A: Well, Janet Ellis had to go because she was a single mother.

P: What's that got to do with Christopher Trace being a divorcee? That's like saying 'would you like an apple? Well here's some porridge'. It's two completely different things altogether.

I: But Angus hasn't a clue about Christopher Trace because it's not written on his bit of paper!

P: Oh, I see!

A: Too long ago!

I: Unlike other question masters, he just didn't know the answer!

A: Yes! Magnus, what about Christopher Trace? Tell us!

M: There's a word trembling at the back of my mind - it's 'pass!'

A: What's your take on television presenters taking drugs?

J: Why do you ask me?

A: I seem to recall the last time you were on this programme you admitted to taking hallucinogenic drugs in South America.

J: Er, well...that really...that really was in the course of duty. There were 14 people of restricted size with pieces of string tied round their willies...

 


 

 

PICTUREDJohn explains his previous admission 

 

 

 

P: No, you only THOUGHT there were!

 


 


 
PICTUREDPaul makes his point known

 

 

 

 

J: Ah!

I: It does sound like 'Blue Peter' a bit.

J: It does sound a bit like 'Blue Peter', yes!

A: Yes, it's the 'Blue Peter' drug scandal, so well done to Paul and Magnus, and here are your 'Blue Peter' badges as a result.

 

 

 


PICTUREDAngus hands over two badges...  

 

 

 

 

P: Oh, lovely! Are these genuine?

 

 



 PICTURED...which Paul inspects closely

 

 

 

 

A: Yes, obviously!

M: You powder these up do you?!

P: It says on the back 'not suitable for children'!

A: Yes, 'Blue Peter's 40th anniversary was marred by the News Of The World's story about presenter Richard Bacon, who this week left the BBC under a cloud.
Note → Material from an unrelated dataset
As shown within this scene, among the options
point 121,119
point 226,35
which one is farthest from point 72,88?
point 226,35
He sneezed on his way out.

They're not certain where the presenter got his drugs from, but it's rumoured that the 'Blue Peter' garden now has a street value of two hundred thousand pounds.

Thousands of copies of this year's 'Blue Peter' annual have been hastily withdrawn to ensure that certain embarrassing headlines would never reach they viewing public. So here they are - first, on page 46, we have "STONE ME". Then it's Richard's smiling face under the words "POT IT!", and on page eight, the almost prophetic "BLUE PETER IN THE SNOW".